Good morning, RVA! It's 28 °F, and highs today should hit 50 °F—NBC12's Andrew Freiden says today's the warmest day of the week. Enjoy today and tomorrow and then bundle up for big temperature drops come Saturday!

Water cooler

It's General Assembly season during a gubernatorial transition, so state-level politics will dominate this newsletter for a bit, despite my deep preference for all things local. Before we sink too far into this Republican-led mire, like Artax in the Swamp of Sadness, I wanted to do a quick level-setting. Nationally, and more and more at the state level, Republicans' guiding principles are whatever makes Democrats the most mad. The live and love to troll, and that trolling will dominate headlines for the next four years. It will make us very mad. Some people are bad at it, like new Speaker of the House Todd Gilbert, who tweeted last night, "Ralph Northam is leaving office as his own lost cause, condescendingly lecturing us all from some assumed moral high ground because he read the book 'Roots' and then went on a non-stop reconciliation tour. Saturday can’t come fast enough." Gilbert lacks subtlety and skill, but, nonetheless generated a bunch of angry responses from liberals—which was the goal. On the other hand, some people are masterful trolls, like Sen. Tommy Norment, who introduced SB 116 which would "Imposes a $500 fine on the operator of a bicycle who fails to stop at a stop sign. The bill also provides that the bicycle shall be impounded for a period of six months." It's an infuriating piece of legislation that won't make it out of committee as written and wastes everyone's time—and may still generate an angry response from this particular liberal. It's an A+ troll, though, gotta give him that. I bring up these two specific examples, because I think we should—and will try to do so from here on out in this newsletter—entirely ignore these attempts to raise our hackles and distract us from actual, serious, and important legislation. Because while Republicans live to troll, they also love to pass terrible bills, destroy the government institutions they've been charged to lead, and enrich the wealthy whenever possible. That stuff won't dominate the headlines like a bad tweet, but it's what we should focus on if we want to protect the better, safer, and more progressive Commonwealth we've built over the last four years.
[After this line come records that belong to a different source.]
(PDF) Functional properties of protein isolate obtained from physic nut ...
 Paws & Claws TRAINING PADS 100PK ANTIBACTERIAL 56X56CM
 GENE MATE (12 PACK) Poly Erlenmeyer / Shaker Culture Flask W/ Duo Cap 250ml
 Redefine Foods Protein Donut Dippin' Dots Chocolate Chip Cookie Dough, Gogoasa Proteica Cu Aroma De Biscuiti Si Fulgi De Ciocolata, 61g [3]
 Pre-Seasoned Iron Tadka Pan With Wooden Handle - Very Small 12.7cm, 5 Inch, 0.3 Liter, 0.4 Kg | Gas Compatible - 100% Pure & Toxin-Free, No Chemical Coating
"General Assembly Republicans go maskless as omicron surges," reports Kate Masters at the Virginia Mercury. Dumb and mostly a troll (see above), but one with consequences! With our local hospitals at capacity and hovering on the brink, every Republican legislator that spreads COVID-19 to a coworker, staff member, lobbyist, or member of the public has increased the load on our healthcare system—not the healthcare system from wherever they may hail. Masks are an easy and efficient way to help get us through the current surging demand on hospital beds and to not wear them for the lolz is childish.

Somehow I totally blipped on Governor Northam's final State of the Commonwealth address last night, which you can read as prepared here or watch over on YouTube. Thankfully, Mel Leonor at the Richmond Times-Dispatch has a tl;dr if you don't want to spend an hour and fifteen minutes of your life watching Northam's farewell speech—or maybe you do because you'll miss his folksy charm!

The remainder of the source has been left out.